It is another object of the present invention to provide such a drive means wherein the load on the contact surfaces between the cams and the cam followers is reduced.

Another object of the present invention is to provide such a drive means which can be utilized in combination with a security device acting directly on the toggle joints.

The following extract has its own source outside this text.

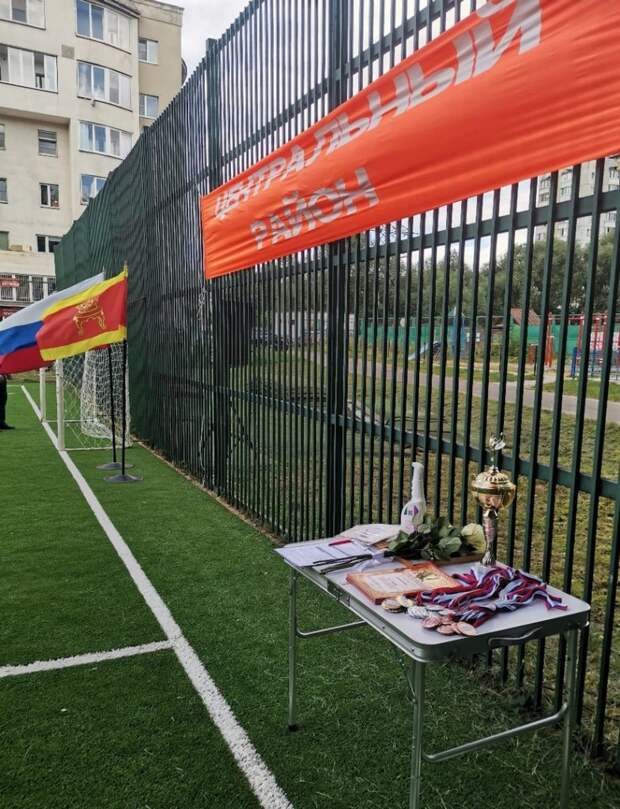 В парке Победы Твери открыли обновленную футбольную площадку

The above objects are inventively achieved in a drive device for the cutting station in a platen press having a lower movable platen and an upper fixed platen and means for transporting sheets through the platen press wherein the lower movable platen is supported on toggle joints each having two arms connected by an axle and semicylindrical swivels, the axle of each toggle joint being equipped with a cam follower resting on the surface of an associated cam mounted on a shaft. The shaft is driven by a worm gear engaging a worm driven by a drive shaft. The toggle joints are disposed in pairs with each pair of toggle joints being located on a theoretical axis perpendicular to forward movement of the sheets through the press. One pair of toggle joints is disposed between the other pair of toggle joints. The lower movable platen is urged or pulled away from the upper platen by spring-biased pulling means. The cam followers are urged against the surface of respective cams by compression springs attached at one end to a lower crosspiece in the cutting station and at the other end to an arm of one of the toggle joints. The toggle joints are also mounted on the crosspiece by means of cylindrical swivels centered in a bearing mounted on a toggle joint release device. The release device includes a piston rod having a piston head reciprocating in a chamber of a yoke connected to the crosspiece. The drive shaft for the worm has a braking system at one end thereof. The release device for the toggle joints and the braking system for the driveshaft are each controlled by a hydraulic control circuit which causes the braking system and the release device to operate simultaneously should the press unexpectedly stop or otherwise malfunction and which can independently control the braking system for normal stopping.

BRIEF DESCRIPTION OF THE DRAWINGS

FIG. 1 is a side view of a platen press having a cutting station of the type in which the drive means disclosed and claimed herein may be employed.

FIG. 2 is a plan view of the cutting station of a platen press constructed in accordance with the principles of the present invention.

FIG. 3 is a sectional view taken along line III--III of FIG. 2.

FIG. 4 is a section view taken along line IV--IV of FIG. 2.

FIG. 5 is a sectional view taken along line V--V of FIG. 2.

FIG. 6 is a sectional view taken along line VI--VI of FIG. 2.

FIG. 7 is a schematic diagram of a hydraulic control circuit for operating a security device for controlling various components of the drive system disclosed and claimed herein.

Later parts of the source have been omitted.